> Exercise prompt:
Once the line containing "US-NEWS-MED-INSECTS-DISEASE-2-MCT | Upload" is found in the data below, repeat it and every later line exactly, leaving the pictures out.

> Given records:
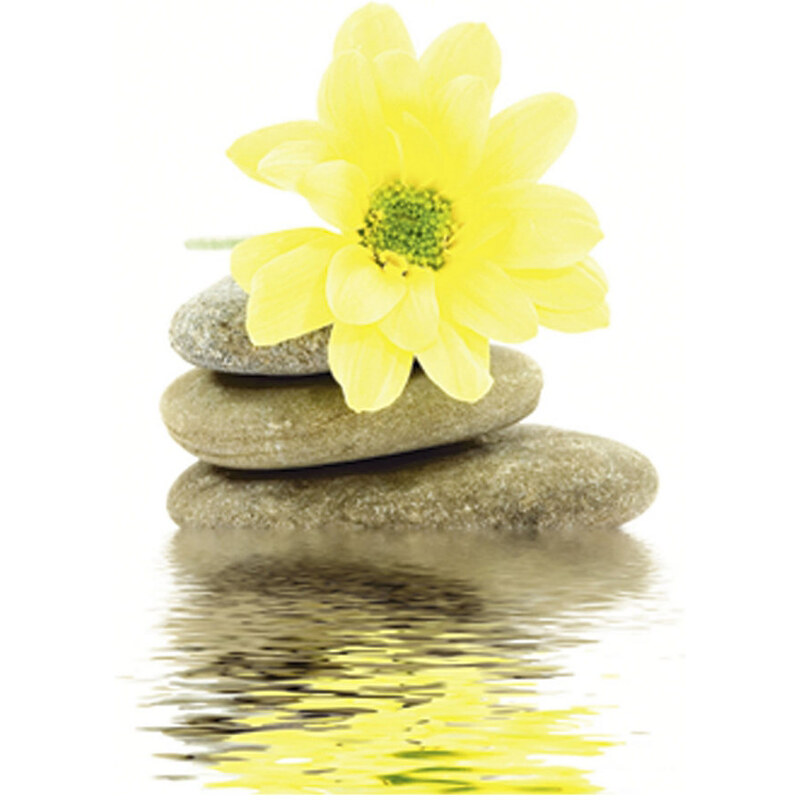 Glasbild Blume und Steine 30/30 cm HOME AFFAIRE gelb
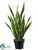 Silk Plants Direct Sansevieria - Green Cream - Pack of 4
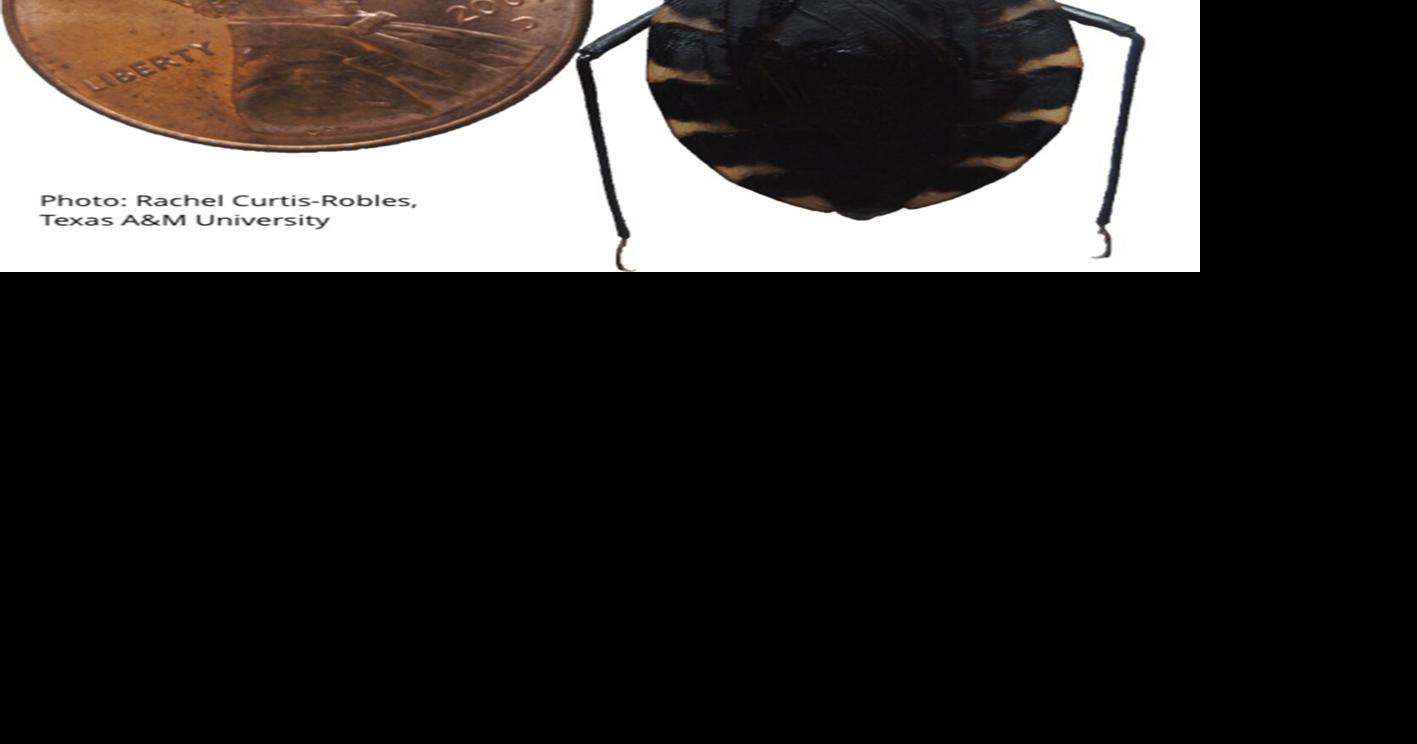 US-NEWS-MED-INSECTS-DISEASE-2-MCT | Upload Photos | telegraphherald.com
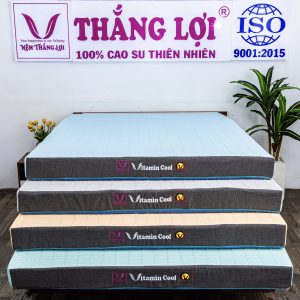 cửa hàng bán nệm cao su non Bắc Kạn
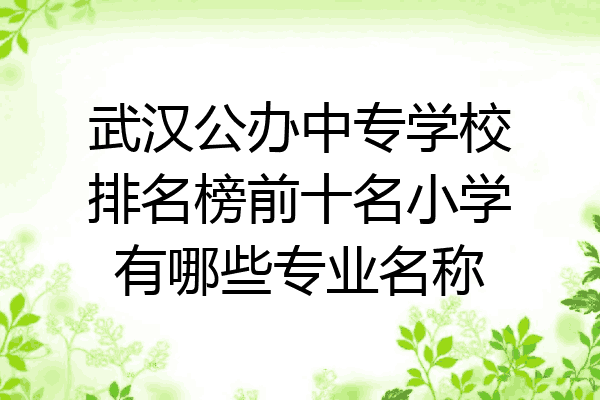 武汉公办中专学校排名榜前十名小学有哪些专业名称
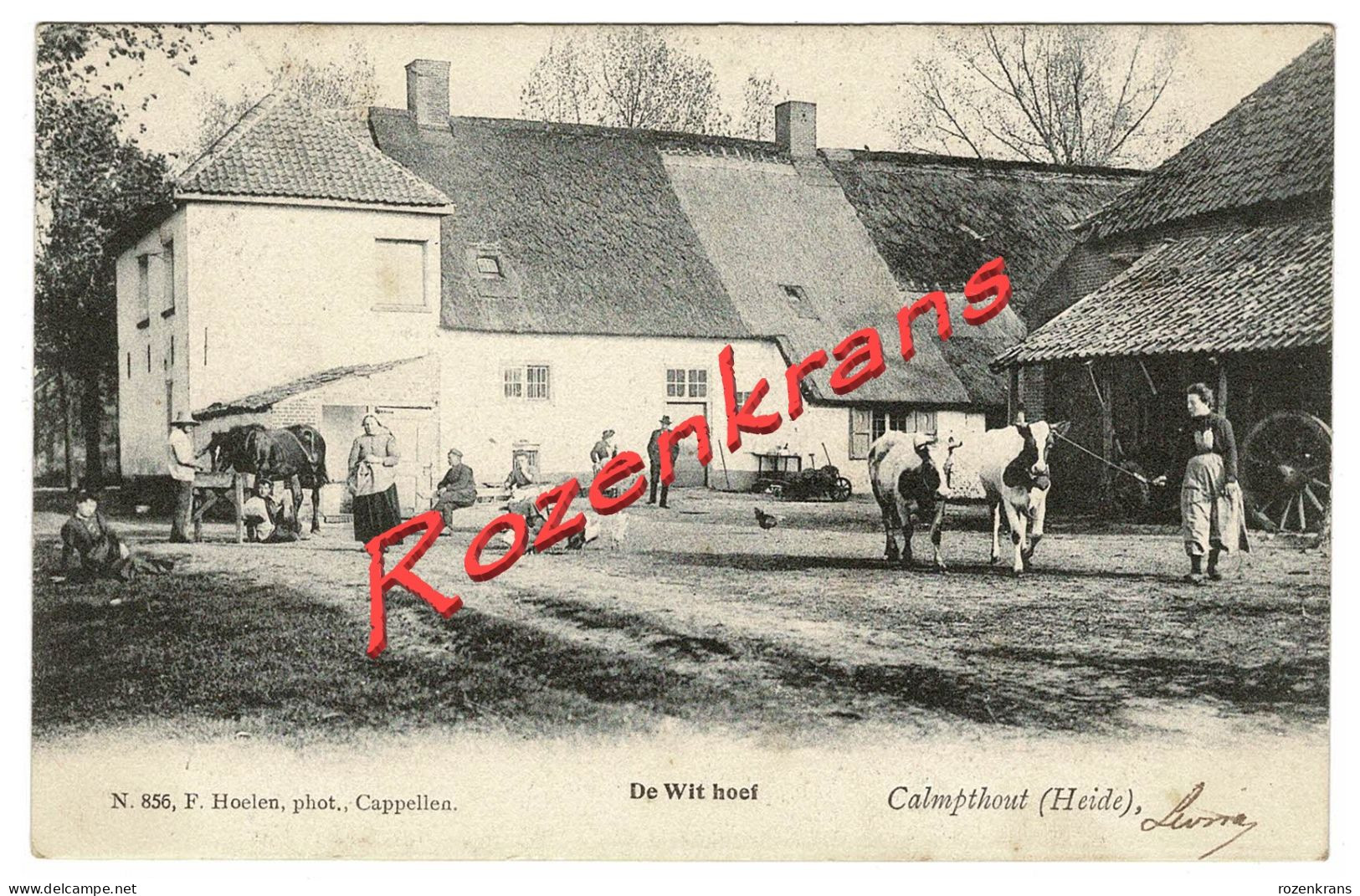 Kalmthout Calmpthout CPA 1903 De Wit Hoef Withoef Heide Nr 856 Hoelen Cappellen - Kalmthout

> Task output:
 US-NEWS-MED-INSECTS-DISEASE-2-MCT | Upload Photos | telegraphherald.com
 cửa hàng bán nệm cao su non Bắc Kạn
 武汉公办中专学校排名榜前十名小学有哪些专业名称
 Kalmthout Calmpthout CPA 1903 De Wit Hoef Withoef Heide Nr 856 Hoelen Cappellen - Kalmthout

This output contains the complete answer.